We live in what is called the Information Age. Just one generation ago, Americans found out about what happened in the world around them by tuning in to a 30 minute televised news broadcast at 6:30 each evening. Walter Cronkite, who only recently passed away, was the very first news anchor. Today, with broadband mobile devices and public access to high speed Internet, we are never more than a few seconds removed from breaking news that happens anywhere on the globe. There are of course those people that Tweet each individual item they put into their shopping cart, resulting in what the kids call TMI (too much information).

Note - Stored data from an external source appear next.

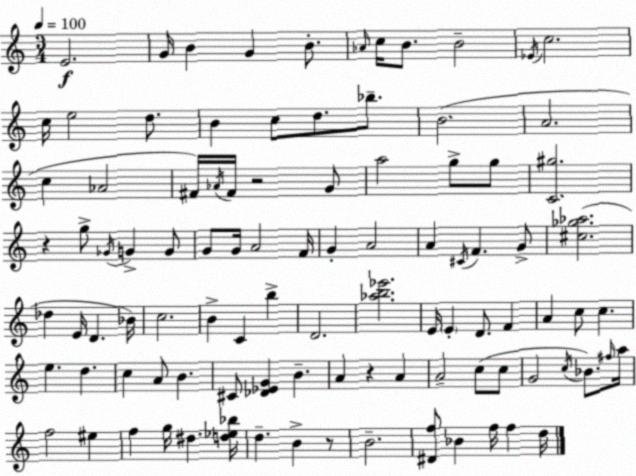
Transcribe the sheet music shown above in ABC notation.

X:1
T:Untitled
M:3/4
L:1/4
K:Am
E2 G/4 B G B/2 _A/4 c/4 B/2 B2 _E/4 c2 c/4 e2 d/2 B c/2 d/2 _b/2 B2 A2 c _A2 ^F/4 _A/4 ^F/4 z2 G/2 a2 g/2 g/2 [C^g]2 z g/2 _G/4 G G/2 G/2 G/4 A2 F/4 G A2 A ^C/4 F G/2 [^c_g_a]2 _d E/4 D _B/4 c2 B C b D2 [_ab_e']2 E/4 E D/2 F A c/2 c e d c A/2 B ^C/2 [_D_EG] B A z A A2 c/2 c/2 G2 c/4 _B/2 ^f/4 a/4 f2 ^e f g/4 ^d [d_e_b]/4 d B z/2 B2 [^Df]/2 _B f/4 f d/4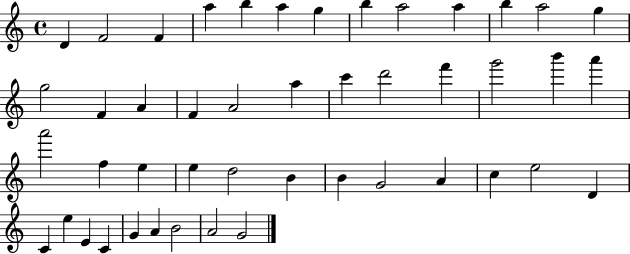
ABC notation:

X:1
T:Untitled
M:4/4
L:1/4
K:C
D F2 F a b a g b a2 a b a2 g g2 F A F A2 a c' d'2 f' g'2 b' a' a'2 f e e d2 B B G2 A c e2 D C e E C G A B2 A2 G2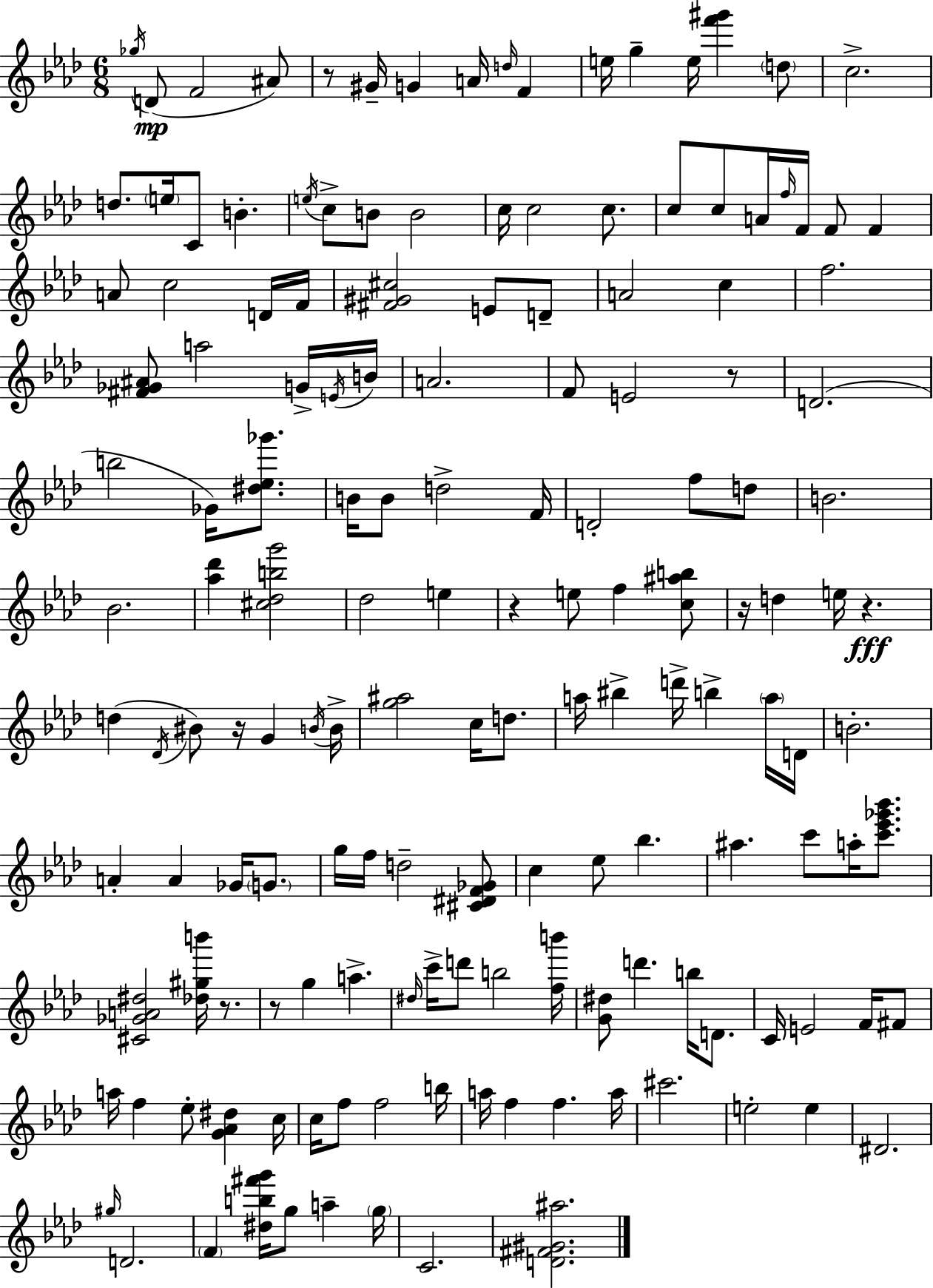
Gb5/s D4/e F4/h A#4/e R/e G#4/s G4/q A4/s D5/s F4/q E5/s G5/q E5/s [F6,G#6]/q D5/e C5/h. D5/e. E5/s C4/e B4/q. E5/s C5/e B4/e B4/h C5/s C5/h C5/e. C5/e C5/e A4/s F5/s F4/s F4/e F4/q A4/e C5/h D4/s F4/s [F#4,G#4,C#5]/h E4/e D4/e A4/h C5/q F5/h. [F#4,Gb4,A#4]/e A5/h G4/s E4/s B4/s A4/h. F4/e E4/h R/e D4/h. B5/h Gb4/s [D#5,Eb5,Gb6]/e. B4/s B4/e D5/h F4/s D4/h F5/e D5/e B4/h. Bb4/h. [Ab5,Db6]/q [C#5,Db5,B5,G6]/h Db5/h E5/q R/q E5/e F5/q [C5,A#5,B5]/e R/s D5/q E5/s R/q. D5/q Db4/s BIS4/e R/s G4/q B4/s B4/s [G5,A#5]/h C5/s D5/e. A5/s BIS5/q D6/s B5/q A5/s D4/s B4/h. A4/q A4/q Gb4/s G4/e. G5/s F5/s D5/h [C#4,D#4,F4,Gb4]/e C5/q Eb5/e Bb5/q. A#5/q. C6/e A5/s [C6,Eb6,Gb6,Bb6]/e. [C#4,Gb4,A4,D#5]/h [Db5,G#5,B6]/s R/e. R/e G5/q A5/q. D#5/s C6/s D6/e B5/h [F5,B6]/s [G4,D#5]/e D6/q. B5/s D4/e. C4/s E4/h F4/s F#4/e A5/s F5/q Eb5/e [G4,Ab4,D#5]/q C5/s C5/s F5/e F5/h B5/s A5/s F5/q F5/q. A5/s C#6/h. E5/h E5/q D#4/h. G#5/s D4/h. F4/q [D#5,B5,F#6,G6]/s G5/e A5/q G5/s C4/h. [D4,F#4,G#4,A#5]/h.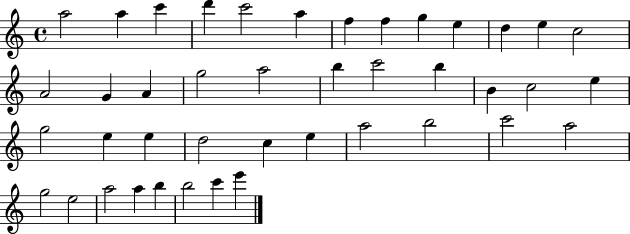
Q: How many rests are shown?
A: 0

The point is that any data can be accessed instantaneously, and to overlook the potential to share the Gospel would be foolish. I wish to welcome Manchester Baptist Church in Manchester, KY to WordPress. They tried a website a year or two ago, but I am now pleased to see them here. Earlier this evening, The Master’s Table saw it’s 100,000th visitor since it’s inception in May of 2008. While most readers are somewhere in the United States, even I have been surprised to see some of the countries that show up on the visitor map. I may never visit New Zealand, but I’ve had nine readers from there in the past ten days. This is a vehicle to transmit any piece of information across the street or around the world. A sermon I preached last Easter may be read by someone seeking Christ tomorrow. As an increasing number of people are connected to blogs, Facebook and Twitter, it would be an epic failure of the Great Commission to not put the Word of God out there using those tools.
MBC will most likely use their posts to convey announcements, schedule changes, list prayer requests and remind us to attend Sunday School. But sooner or later someone will write an e-mail from some place like India, or a former Soviet state, to say that they listened to Bro. Ken’s Sunday sermon and got saved. The promise of scripture holds true: the Word will not return void.